What's everyone's experience with cat trees? Does your cat like it and actually use it? Are they sturdy and large enough for a larger cat? With cat trees being kind of expensive and my cat never using her cat beds, I'm worried if I get one it'll goto waste.


----------



## OctoberinMaine (Sep 12, 2006)

In my vast experience (not at all), I find that Murphy loves his cat tree and he won't touch cat beds, so I'm not sure there's a correlation there. He naps up on the top level like he's on top of the world. And he's a big 16-pound boy, and while there's a little shaking when he climbs up, it doesn't seem to faze him at all.

Several of us have bought our trees on www.Armarkat.com. They have a great selection, decent prices, and free shipping, although you have to put it together when it arrives.


----------



## Tiikiri (Feb 18, 2011)

*I got a monster*

http://www.mollyandfriends.com/index.html

From Molly and Friends. It is solid, untreated pine with no chemicals in the carpeting either. 
That said, it weighs at least 250 pounds and is 6'4. It's called "Treehouse" under the extra large trees. 
It cost about $325 but will last for a lifetime.


----------



## cushman350 (Mar 16, 2011)

*Build it yourself and save*





 




 
Search Youtube.


----------



## RowdyAndMalley (Aug 9, 2010)

Tiikiri said:


> http://www.mollyandfriends.com/index.html
> 
> From Molly and Friends. It is solid, untreated pine with no chemicals in the carpeting either.
> That said, it weighs at least 250 pounds and is 6'4. It's called "Treehouse" under the extra large trees.
> It cost about $325 but will last for a lifetime.


Wow. That's actually pretty pricey. 

My favorite place to get cat trees is www.kittymansions.com . Their prices are great and the quality is amazing. I have this tree








(mind you, I got it for free) the price is right and my kitties love it. It stands at about 5'1" and is solid. My 16lb monster can sit in the basket all day! Right now this particular tree goes for $154. 

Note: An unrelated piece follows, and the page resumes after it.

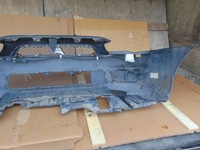 фото thumb №10, Бампер перед mitsubishi lancer viii sedan 6400b226 решётка радиатора решётка радиатора a39 ксенон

If your gonna spend 300+ dollars on a kitty tree you can get this
:love2







:love2 or this ...







atback No offense tiikiri!


I think they are well worth the money.


----------



## Goldtanker (Jan 9, 2011)

I got a small (3 ft high) combination scratching post with perch on top. I keep it in the garage. Midnight, the wild cat, uses it to scratch, but he also likes to lay on top of it in the Summer when a nice breeze is blowing through the garage. I think he likes to be up off ground level too.


----------



## saitenyo (Nov 28, 2010)

I'm guessing it probably depends on the cat. I started with a very small post/nest when I got Apollo as a kitten, and he used that enough that I felt the need to upgrade when he got bigger and we got a second cat.

I ended up splurging on a giant (7ft.) Armarkat tree and my cats absolutely loved it and use it frequently:





However I have fairly hyperactive cats that enjoy jumping on things and flying about the room, climbing all over everything, so it was kind of a guaranteed success with them. I also got a fantastic deal. It was on sale for only $119 or something like that.

As for sturdiness, any tree from a good company should be totally fine. My cats take flying leaps at their big tree and it never topples over. The only issue is if you have a tree too small for the cat. Their little nest is small enough that Apollo sometimes knocks of over when he leaps onto it when they're playing, but that thing is only like 2 feet tall.


----------



## Tiikiri (Feb 18, 2011)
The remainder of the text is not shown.